The day after landing in Tokyo, we assembled into groups designed to focus on different types of Japanese food. Before venturing out into the wilderness of Japanese grocery stores, massive department stores, and strip malls, Professor Tegtmeyer-Pak posed us the question: what is good food? After we reassembled, our class brainstormed answers. Good food could be determined by packaging, advertising, taste, and several other similar characteristics. Those answers seemed fulfilling in the hustle and bustle of Tokyo, but after our first full day at the Asian Rural Institute, good food should have a much stricter code.
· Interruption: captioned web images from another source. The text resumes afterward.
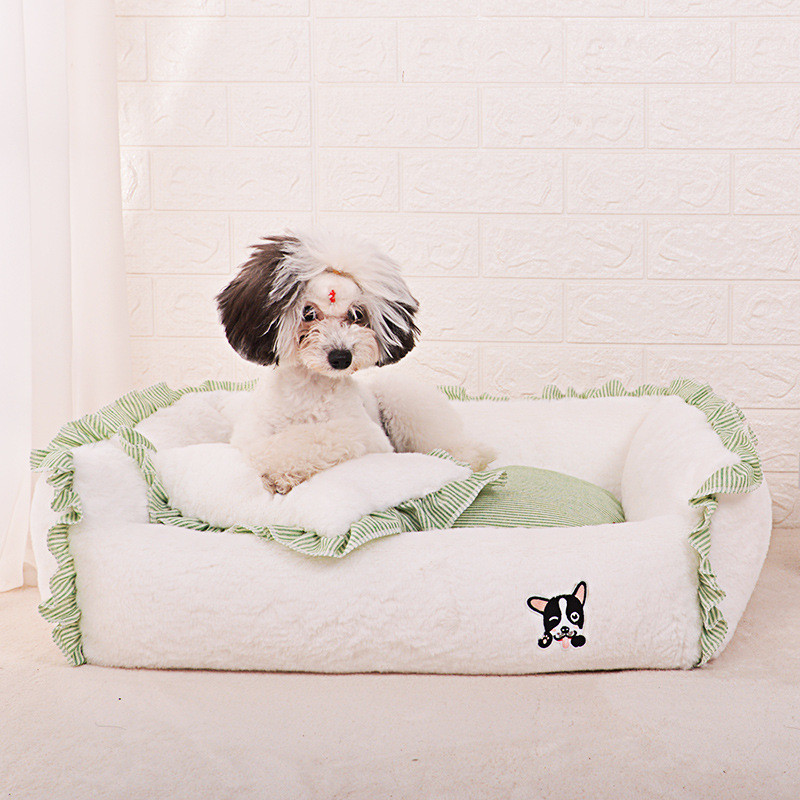 网红宠物保暖狗窝猫窝全可拆洗四季通用INS马尔济斯西施小中型犬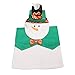 Ohuhu Snowman Toilet Seat Cover and Foot Mat Set for Christmas Decorations, Green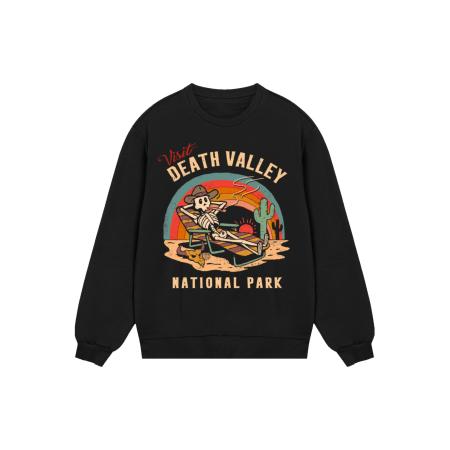F4NT4STIC F4NT4STIC Sweatshirt US National Parks Visit Death Valley beige / safraan / rood / zwart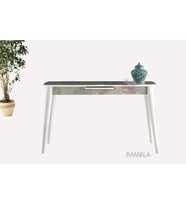 Ortadan Açılabilir Mdf  Yemek Masası, Mutfak Masası ( 80x130 CM ) (Gümüş-Beyaz)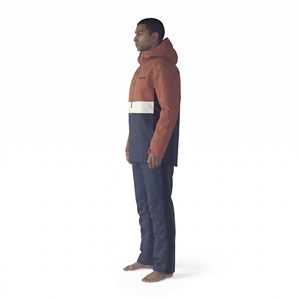 Chaqueta de Esquí para Hombre Hawk Eye con Bloques de Color, Capucha, Impermeable, Gore-Tex, Aislamiento Sintético, Ropa de Invierno para Exteriores - Product Image 2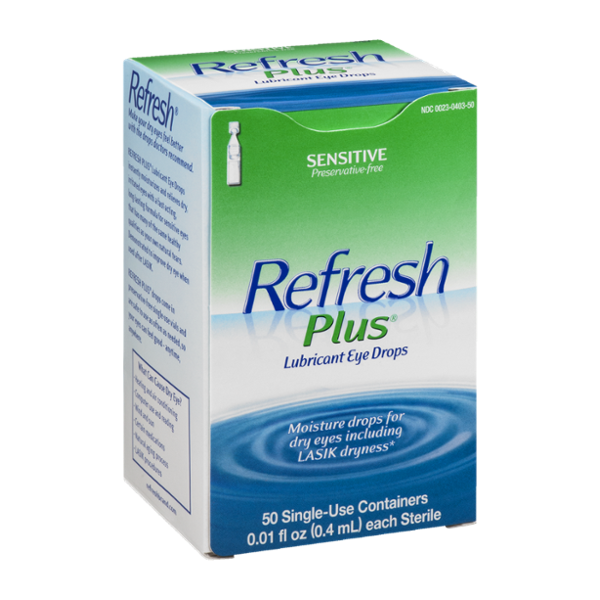 Refresh Plus Lubricant Eye Drops Sensitive - 50 CT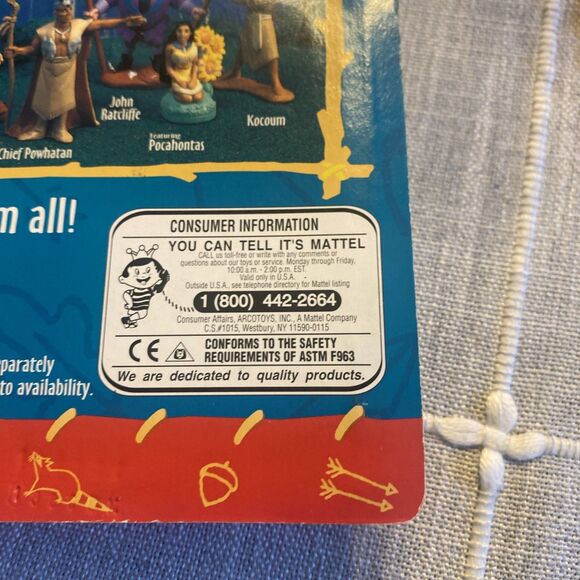 VINTAGE 1990's DISNEY MATTEL POCAHONTAS COLLECTIBLE FIGURE 66505 FIGURE TOY NEW - Picture 5 of 5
ARI produces most of its own food, and is a self-sustaining organic farm. We followed Osamu-san as he introduced the factors at work in the ARI fields. Osamu-san drilled home the point that ARI is free of pesticides, herbicides, and chemical fertilizers. He demonstrated how ARI makes biochar to add to their soil. The practice of making biochar is ages old and remains a chemical-free way to supplement soil for crops. The growing and care of healthy, organic crops is important to ARI, and so is their dedication to creating good food.

As a class, we sat down to hear about the curriculum of ARI from Yukiko-san. She brought up farming practices she had seen firsthand in other parts of the world: of loading fertilizer for crops with chemicals that would be ingested by locals; and the dumping of chemicals into bodies of water to collect multitudes of dead fish, which resulted in the death of locals. Good food shouldn’t be linked to the packaging and presentation, but where the food comes from and how it is grown.

At breakfast, the head cook said the food was fresh, and we would certainly be able to taste it. That is good food at ARI; the knowledge of how the food came to be, and the care and work put into growing it for consumption.

Pictures:

The featured picture shows the carrots gathered by classmates, washed and ready to bring in to sell or to be used to make carrot juice.

The picture to the left has the eggs to send to Tokyo to sell in blue cartons, and for ARI kitchen in green cartons. All are freshly plucked from the coop and rinsed by myself and classmates.